Jaguar Land Rover (JLR), a subsidiary of Tata Motors, reported a robust performance for the third quarter of FY25, with revenue reaching £7.5 billion, marking a 1.5% year-on-year increase. The company also recorded its highest EBIT margin in a decade and continued its streak of nine consecutive profitable quarters.

JLR’s EBITDA margin for Q3 stood at 14.2%, reflecting a decline of 200 basis points year-on-year, while EBIT improved to 9.0%, up by 20 basis points. The company posted a profit before tax (PBT) of £523 million, lower than the £627 million recorded in the same quarter of the previous year. For the year-to-date (YTD) FY25 period, revenue remained stable at £21.2 billion, with PBT increasing by 7% YoY to £1.6 billion.

The company attributed its improved profitability to higher volumes, a better product mix, and lower depreciation and amortisation expenses, driven by the cessation of production at the Castle Bromwich plant and the end-of-life extension of internal combustion engine (ICE) models. However, these gains were partially offset by an increase in vehicle market expenses, warranty costs, and unfavourable foreign exchange revaluation.

JLR’s cash balance at the end of the quarter stood at £3.5 billion, with net debt reduced to £1.1 billion, while total liquidity, including its revolving credit facility, was £5.1 billion.

Future plans and electrification drive

JLR is progressing with its electrification plans, as indicated by a growing waitlist for the Range Rover Electric, now at 57,000 customers. Sales of Range Rover plug-in hybrid electric vehicles (PHEVs) grew by 163% year-on-year in Q3, reflecting rising consumer demand for electrified models. The company also made advancements in sustainability by delivering an industry-first recycled seat foam concept, which will be incorporated into future vehicles.

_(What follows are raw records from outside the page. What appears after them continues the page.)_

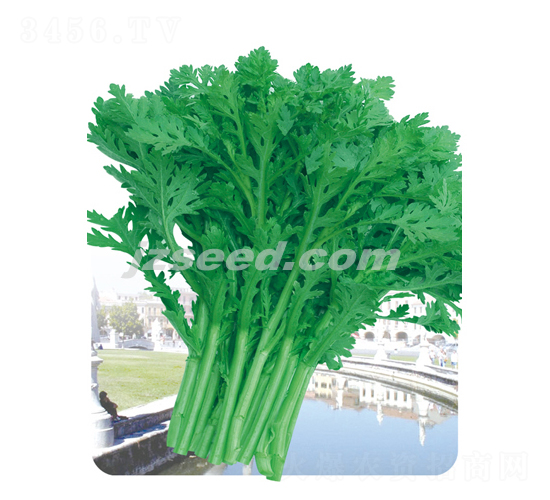 �оջ��~����-����N��-�F(xi��n)���N�I(y��)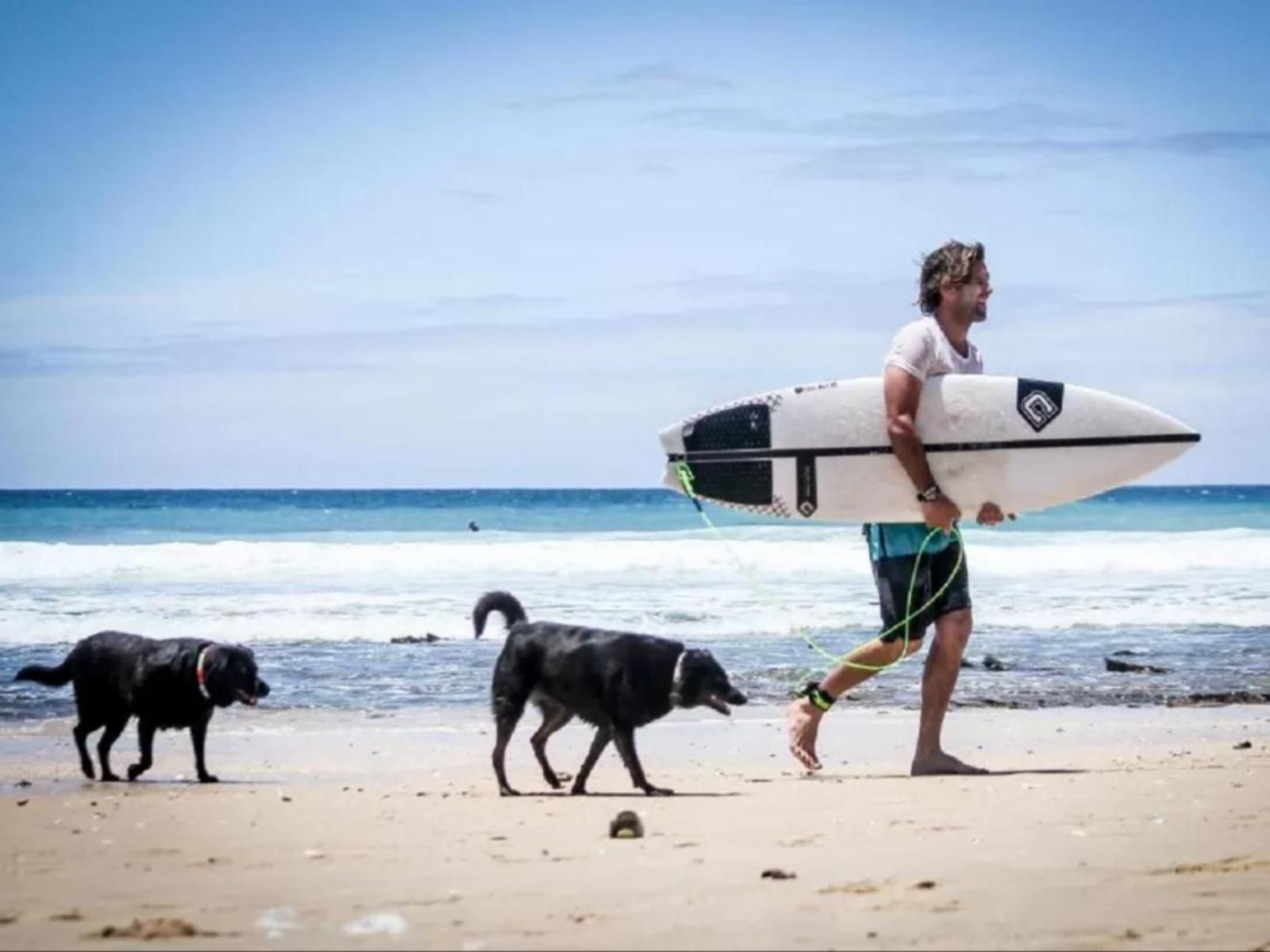 African Ubuntu Backpackers, Face, Person, One Face, Beach, Nature, Sand, Surfboard, Water Sport, Sport, Surfing, Funsport, Waters, Profile Face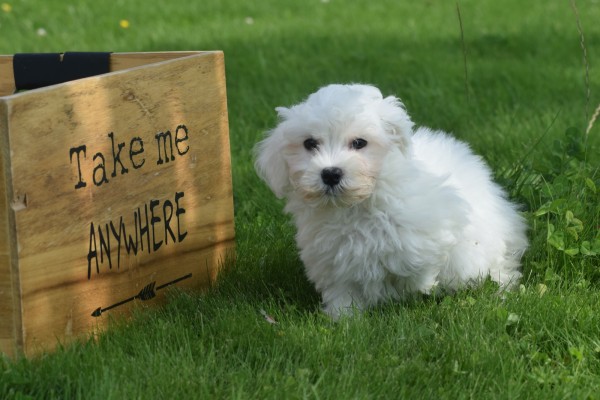 Bichon maltais (reu) 68249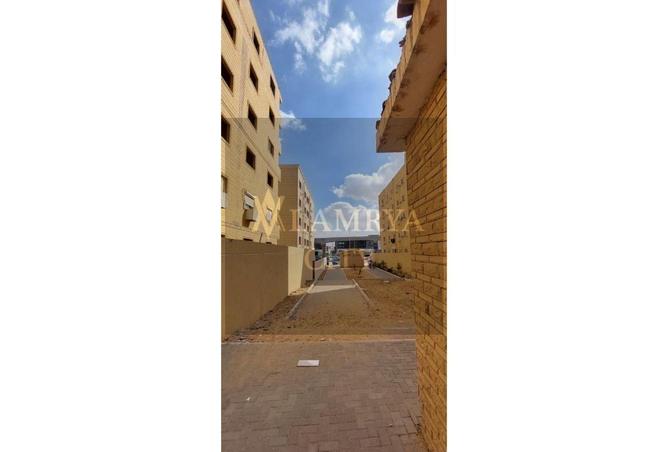 8604645 - Property Image 3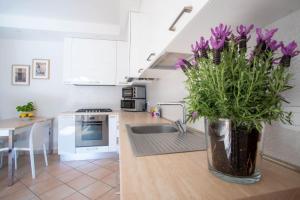 托尔博莱Villetta al lago的厨房在柜台上摆放着紫色花瓶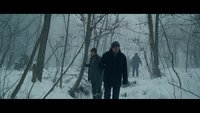 Snow and the Bear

JLR’s investments in new paint facilities in Castle Bromwich, UK, and Nitra, Slovakia, aim to support growing demand for vehicle personalisation while reducing emissions. The company is also collaborating with Tata Communications to implement the MOVE™ platform, which will enhance vehicle connectivity, particularly in remote locations from 2026.

CEO’s statement and outlook

Adrian Mardell, CEO of Jaguar Land Rover, highlighted the company’s strong quarterly performance, stating, “JLR has delivered a robust performance in the third quarter of our financial year, and further milestones in our Reimagine strategy. Thanks to our people and partners, we achieved record revenue and our best EBIT margin in a decade. Our electrification plans are progressing, and later this year, we will launch the Range Rover Electric.”

Looking ahead, JLR remains optimistic about achieving its profitability and cash flow targets for FY25, with an expected EBIT margin of at least 8.5% and continued positive net cash generation.